Activation of p38 MAPK is a key step in tumor necrosis factor–mediated inflammatory bone destruction
Article first published online: 30 JAN 2006
Copyright © 2006 by the American College of Rheumatology
Arthritis & Rheumatism
Volume 54, Issue 2, pages 463–472, February 2006
How to Cite
Zwerina, J., Hayer, S., Redlich, K., Bobacz, K., Kollias, G., Smolen, J. S. and Schett, G. (2006), Activation of p38 MAPK is a key step in tumor necrosis factor–mediated inflammatory bone destruction. Arthritis & Rheumatism, 54: 463–472. doi: 10.1002/art.21626
- Issue published online: 30 JAN 2006
- Article first published online: 30 JAN 2006
- Manuscript Accepted: 7 NOV 2005
- Manuscript Received: 11 MAY 2005
- START prize of the Austrian Science Fund
To investigate whether activation of p38 MAPK is a crucial signaling factor in inflammatory bone destruction mediated by tumor necrosis factor (TNF). Mice overexpressing TNF were treated with 2 different inhibitors of p38 MAPK, and the effect of this treatment on joint inflammation and structural damage was assessed.

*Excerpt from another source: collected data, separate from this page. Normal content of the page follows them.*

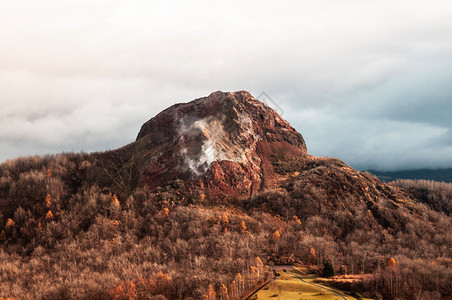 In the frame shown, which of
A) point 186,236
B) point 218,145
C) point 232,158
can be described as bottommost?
point 186,236

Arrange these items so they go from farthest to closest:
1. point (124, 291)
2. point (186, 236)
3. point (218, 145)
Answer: point (218, 145) → point (186, 236) → point (124, 291)

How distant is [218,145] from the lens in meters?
76.0

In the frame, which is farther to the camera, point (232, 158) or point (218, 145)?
point (218, 145)

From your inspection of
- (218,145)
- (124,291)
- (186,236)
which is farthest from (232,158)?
(124,291)

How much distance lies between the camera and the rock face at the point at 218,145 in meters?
69.7

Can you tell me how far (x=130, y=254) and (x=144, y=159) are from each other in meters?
30.9

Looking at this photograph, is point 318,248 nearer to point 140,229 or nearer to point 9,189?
point 140,229

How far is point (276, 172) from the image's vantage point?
Result: 3214 inches

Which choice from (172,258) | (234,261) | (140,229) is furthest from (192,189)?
(234,261)

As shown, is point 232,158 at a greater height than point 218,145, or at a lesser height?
lesser

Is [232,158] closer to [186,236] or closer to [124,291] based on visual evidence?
[186,236]

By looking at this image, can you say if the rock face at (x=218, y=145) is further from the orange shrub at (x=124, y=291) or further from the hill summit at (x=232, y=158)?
the orange shrub at (x=124, y=291)

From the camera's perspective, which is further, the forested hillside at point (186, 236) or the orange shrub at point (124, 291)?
the forested hillside at point (186, 236)

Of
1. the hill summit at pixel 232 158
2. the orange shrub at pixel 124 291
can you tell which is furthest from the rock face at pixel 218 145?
the orange shrub at pixel 124 291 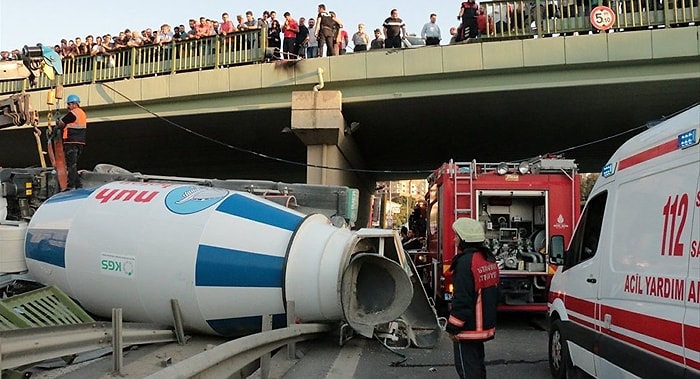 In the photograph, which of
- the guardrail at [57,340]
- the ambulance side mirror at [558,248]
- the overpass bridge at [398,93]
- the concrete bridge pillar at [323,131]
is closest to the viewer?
the guardrail at [57,340]

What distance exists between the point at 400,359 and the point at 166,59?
12923 millimetres

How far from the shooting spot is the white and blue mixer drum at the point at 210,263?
6.39 m

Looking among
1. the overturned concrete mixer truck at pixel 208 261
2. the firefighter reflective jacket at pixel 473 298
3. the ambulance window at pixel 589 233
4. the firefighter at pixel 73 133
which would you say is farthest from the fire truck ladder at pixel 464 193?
the firefighter at pixel 73 133

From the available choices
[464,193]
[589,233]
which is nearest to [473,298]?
[589,233]

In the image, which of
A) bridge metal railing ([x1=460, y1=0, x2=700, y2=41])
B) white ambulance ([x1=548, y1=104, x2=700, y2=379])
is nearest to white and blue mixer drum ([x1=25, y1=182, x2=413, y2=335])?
white ambulance ([x1=548, y1=104, x2=700, y2=379])

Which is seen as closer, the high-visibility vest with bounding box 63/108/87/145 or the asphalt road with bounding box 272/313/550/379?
the asphalt road with bounding box 272/313/550/379

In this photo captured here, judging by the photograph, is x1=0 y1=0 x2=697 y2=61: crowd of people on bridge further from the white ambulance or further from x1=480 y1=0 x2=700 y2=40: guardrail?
the white ambulance

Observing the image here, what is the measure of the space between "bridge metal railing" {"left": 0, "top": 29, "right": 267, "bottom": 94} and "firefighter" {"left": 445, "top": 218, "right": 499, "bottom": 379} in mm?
11898

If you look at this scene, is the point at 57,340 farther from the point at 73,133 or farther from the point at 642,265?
the point at 73,133

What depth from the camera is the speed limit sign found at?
13.3m

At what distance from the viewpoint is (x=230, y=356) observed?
432cm

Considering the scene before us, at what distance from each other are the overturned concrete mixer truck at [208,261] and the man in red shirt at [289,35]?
9.19 m

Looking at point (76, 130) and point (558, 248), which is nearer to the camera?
point (558, 248)

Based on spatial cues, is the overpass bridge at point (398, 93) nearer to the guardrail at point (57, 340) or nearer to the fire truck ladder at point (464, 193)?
the fire truck ladder at point (464, 193) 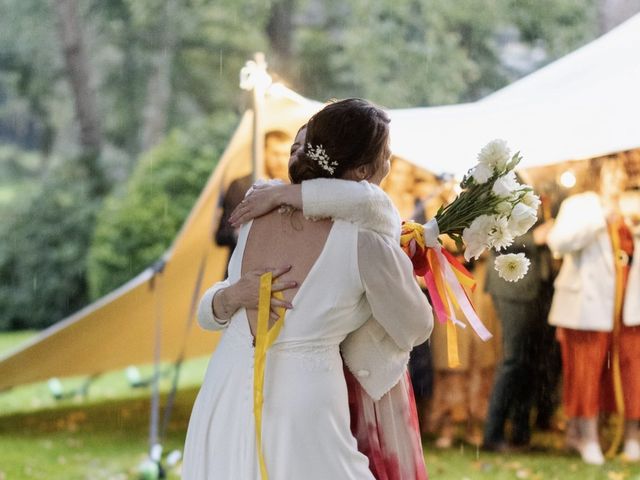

Human TNF-transgenic mice received systemic treatment with 2 different p38 MAPK inhibitors (RO4399247 and AVE8677). Treatment was started at the time of symptom onset and lasted for 6 weeks. Mice were assessed for clinical signs of arthritis, bone erosion, and cartilage damage. In addition, the effect of these inhibitors on osteoclast generation in vitro and in vivo was assessed.
Both p38 MAPK inhibitors significantly reduced clinical signs of TNF-mediated arthritis. This was attributable to reducing synovial inflammation by 50% without affecting the cellular composition of the infiltrate. Synovial expression of interleukin-1 and RANKL was reduced upon p38 MAPK blockade, and activation of the molecular target MAPK-activated protein kinase 2 (MAPKAP-2) was also inhibited. Proteoglycan loss of articular cartilage was reduced by 50%, although p38 MAPK inhibition did not change matrix molecule synthesis by cultivated chondrocytes. Importantly, bone loss was almost completely prevented by p38 MAPK inhibition. The numbers of synovial osteoclasts and precursors were dramatically reduced, and both p38 MAPK inhibitors also inhibited in vitro osteoclastogenesis at micromolar concentrations and blocked activation of MAPKAP-2 as well as differentiation markers in cultured osteoclast precursors.
These results suggest the major importance of p38 MAPK for TNF-mediated inflammatory bone destruction in arthritis and suggest that inhibition of p38 MAPK might be an important tool for reducing structural damage in rheumatoid arthritis.